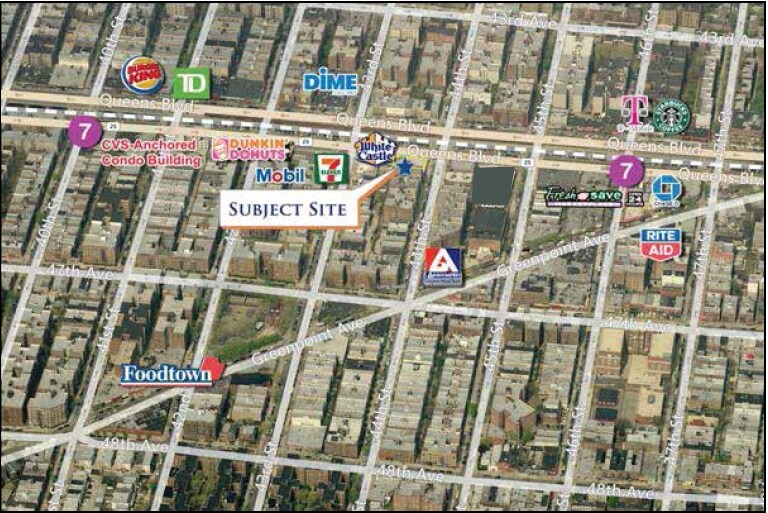 More Photos Of 43-10-45-08 Queens Blvd, Sunnyside Storefront For Sale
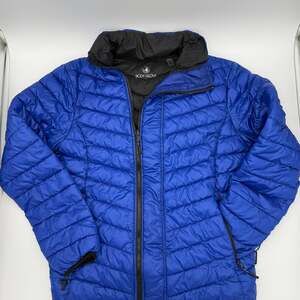 Body Glove Men Royal Blue Lightweight Quilted Puffer Jacket Med See description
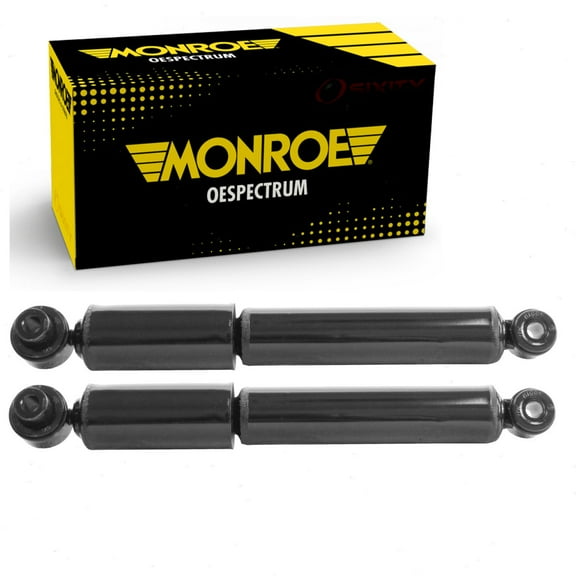 2 pc Rear Shock Absorbers compatible with Kia Soul 2010-2013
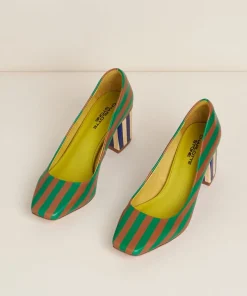 Discount Estee In Kite Stripe Women Heels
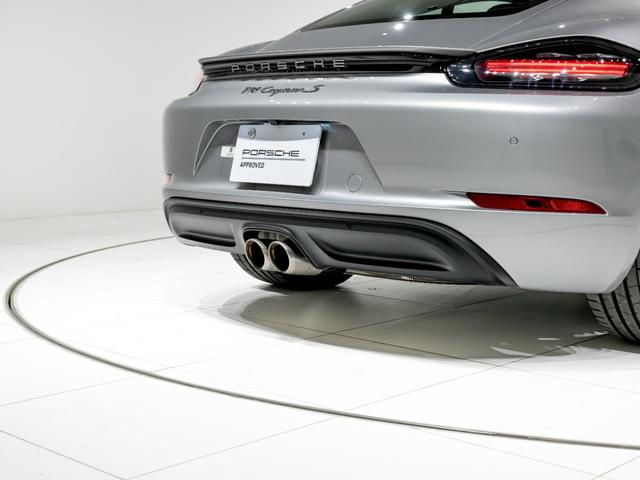 718ケイマン 718ケイマンS スポーツクロノ パッケージ パワーステアリングプラス シートヒーター 20inc Carrera S ホイール 電動可倒式ドアミラー 助手席ラゲッジネット フロアマット(47枚目)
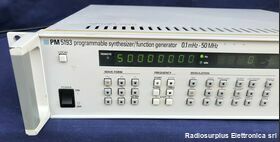 PM 5193 Fluke & Philips PM 5193  Generatore di funzioni sintetizzato, Strumenti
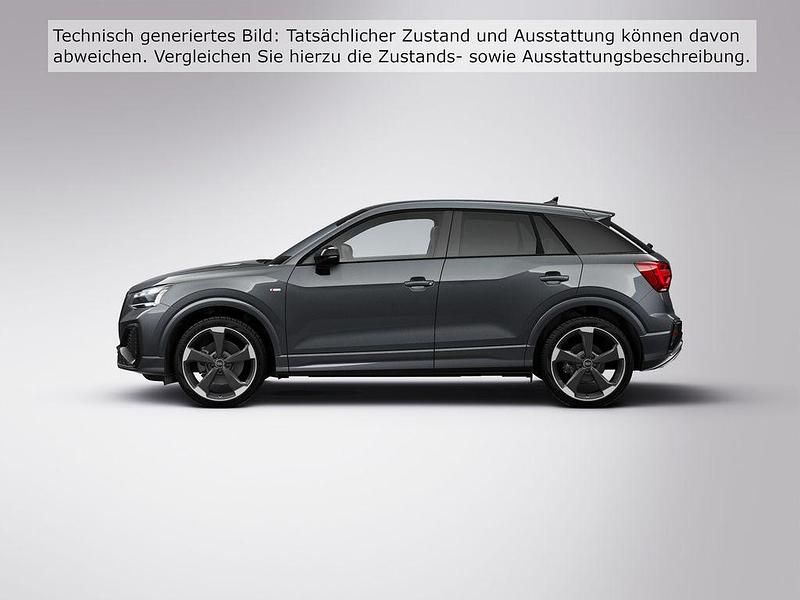 Neu Audi Q2 S-Line 150 PS (110 kW) 2026 Daytonagrau perleffekt SUV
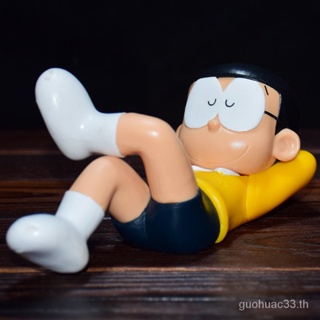 Zbja โมเดลฟิกเกอร์ การ์ตูนโดราเอมอน Nobita ของขวัญ สําหรับตกแต่งเค้กเด็ก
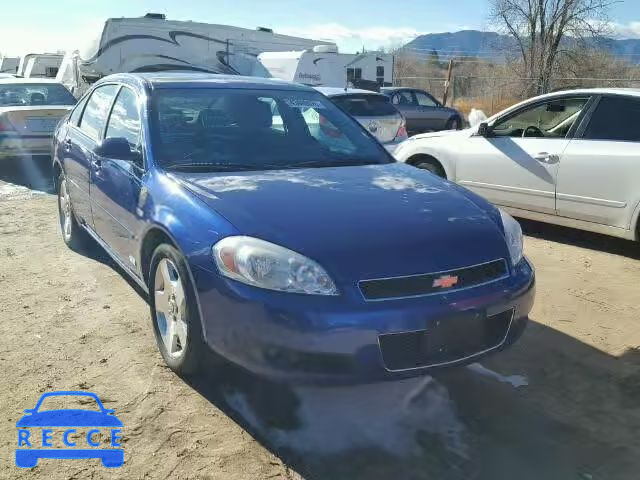 2007 CHEVROLET IMPALA SUP 2G1WD58C779353760 image 0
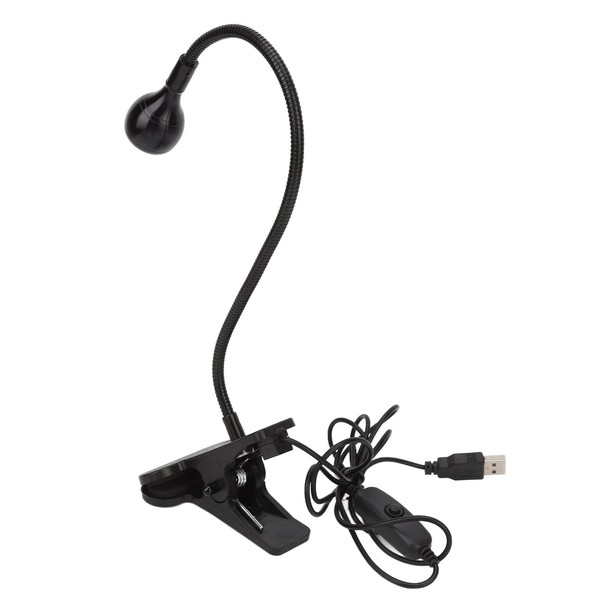 UV Curing Clamp Lamp, UV Nail Clamp Light Portable, Flexible
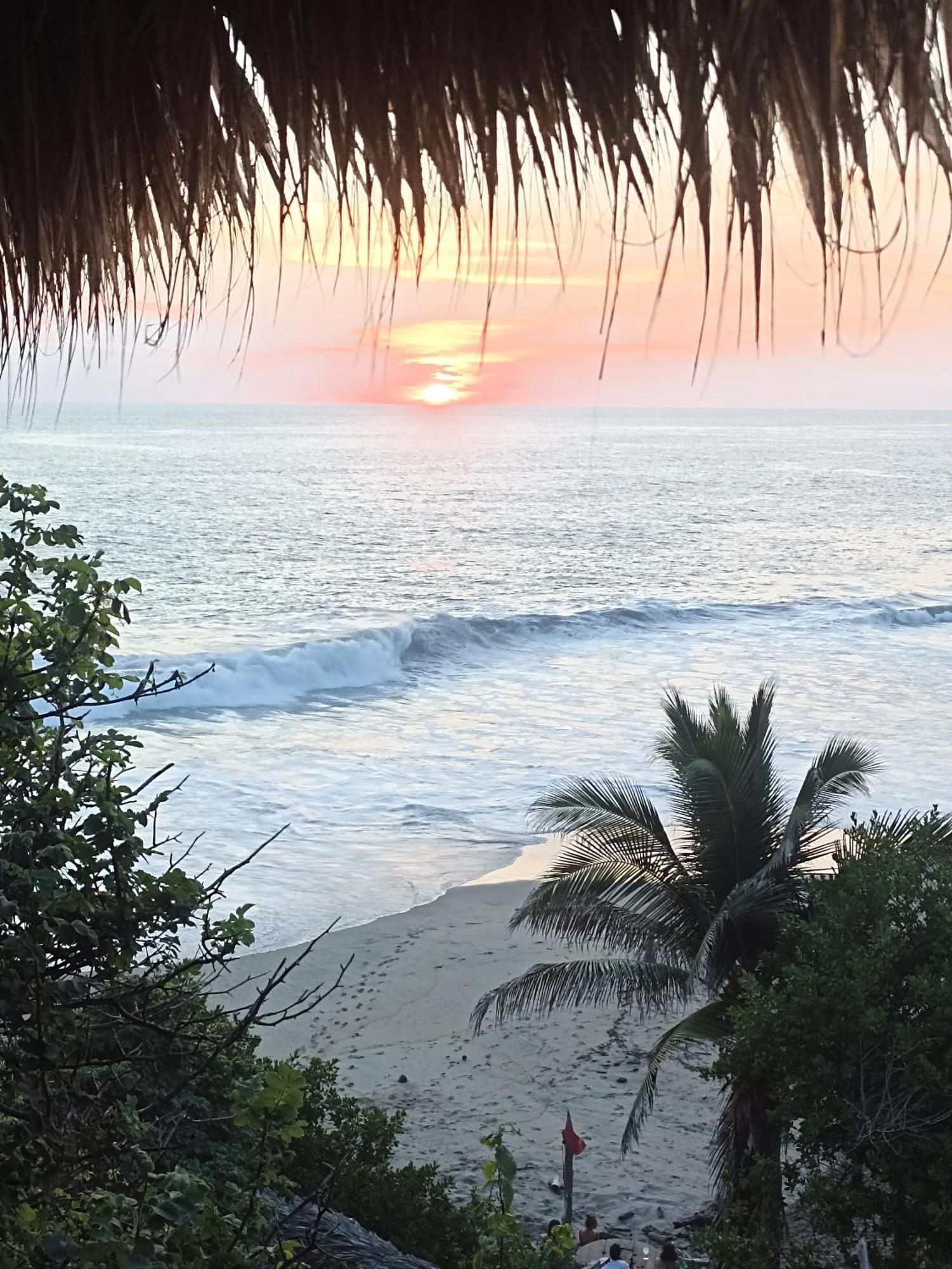 马祖特 Punta Sur, Frente Al Mar Y El Atardecer酒店 外观 照片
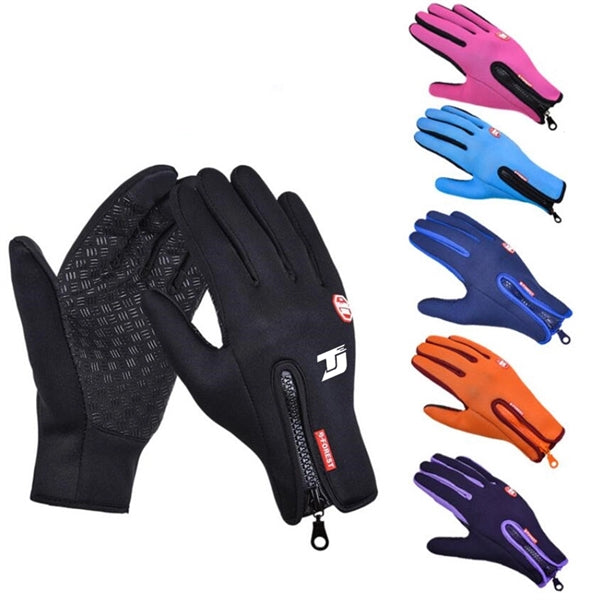 Warm Sports Touchscreen Gloves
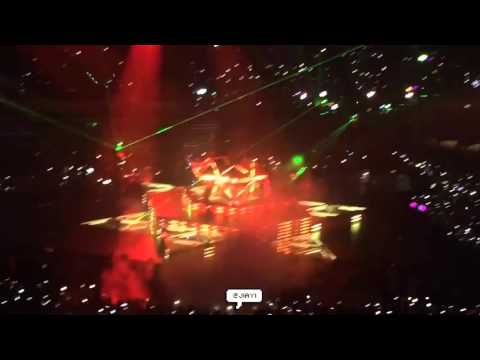 160109 EXO'luXion In Singapore (TELSG) - Let Out The Beast + Run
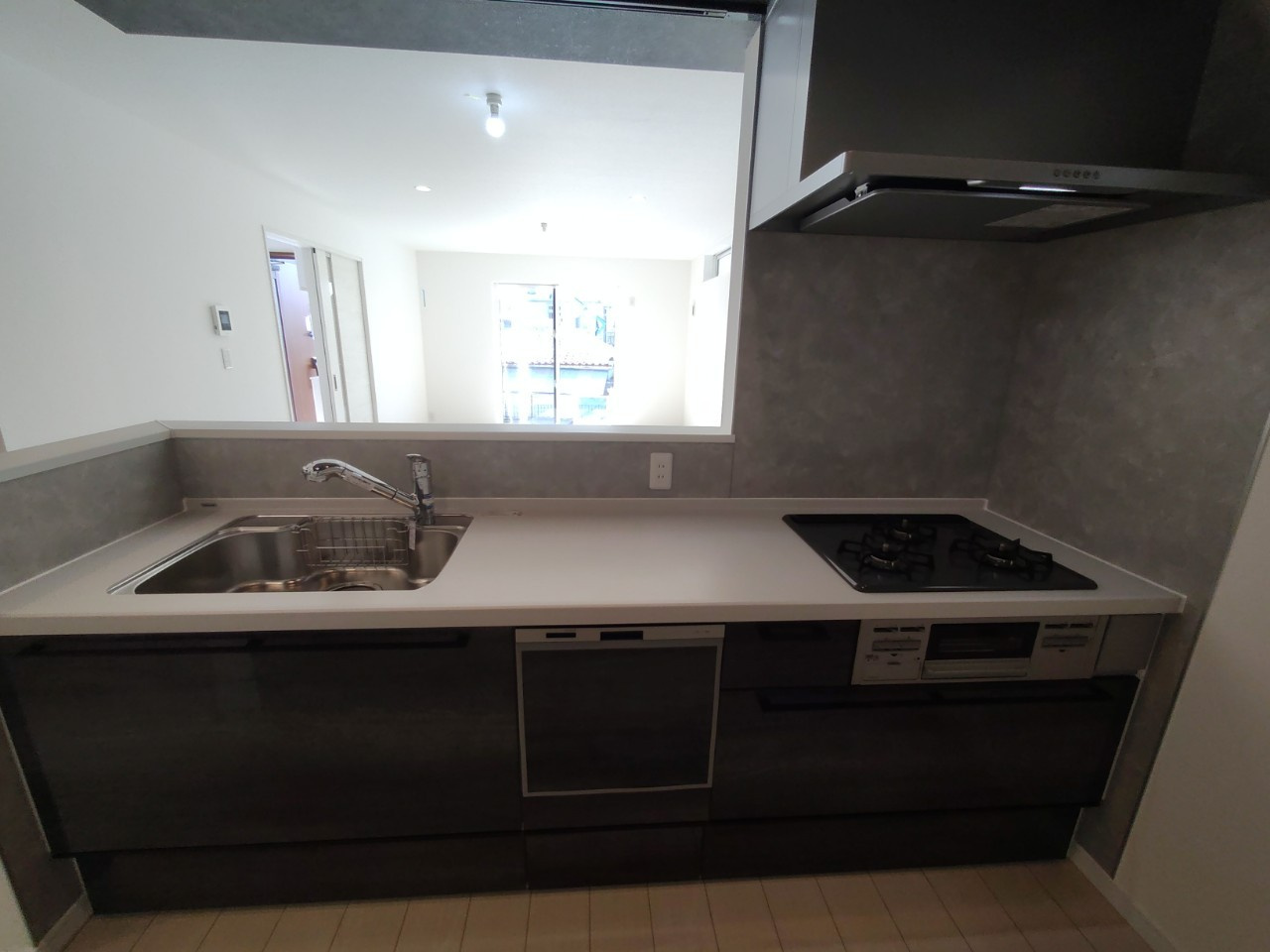 ♪♪八重瀬町東風平Ⅲ-1号棟（全2邸）のキッチン|※参考写真※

**THE TASK:**
A precise copy of each record, with the images removed, should be output.

**SOLUTION TO THIS EXERCISE:**
 More Photos Of 43-10-45-08 Queens Blvd, Sunnyside Storefront For Sale
 Body Glove Men Royal Blue Lightweight Quilted Puffer Jacket Med See description
 2 pc Rear Shock Absorbers compatible with Kia Soul 2010-2013
 Discount Estee In Kite Stripe Women Heels
 718ケイマン 718ケイマンS スポーツクロノ パッケージ パワーステアリングプラス シートヒーター 20inc Carrera S ホイール 電動可倒式ドアミラー 助手席ラゲッジネット フロアマット(47枚目)
 PM 5193 Fluke & Philips PM 5193  Generatore di funzioni sintetizzato, Strumenti
 Neu Audi Q2 S-Line 150 PS (110 kW) 2026 Daytonagrau perleffekt SUV
 Zbja โมเดลฟิกเกอร์ การ์ตูนโดราเอมอน Nobita ของขวัญ สําหรับตกแต่งเค้กเด็ก
 2007 CHEVROLET IMPALA SUP 2G1WD58C779353760 image 0
 UV Curing Clamp Lamp, UV Nail Clamp Light Portable, Flexible
 马祖特 Punta Sur, Frente Al Mar Y El Atardecer酒店 外观 照片
 Warm Sports Touchscreen Gloves
 160109 EXO'luXion In Singapore (TELSG) - Let Out The Beast + Run
 ♪♪八重瀬町東風平Ⅲ-1号棟（全2邸）のキッチン|※参考写真※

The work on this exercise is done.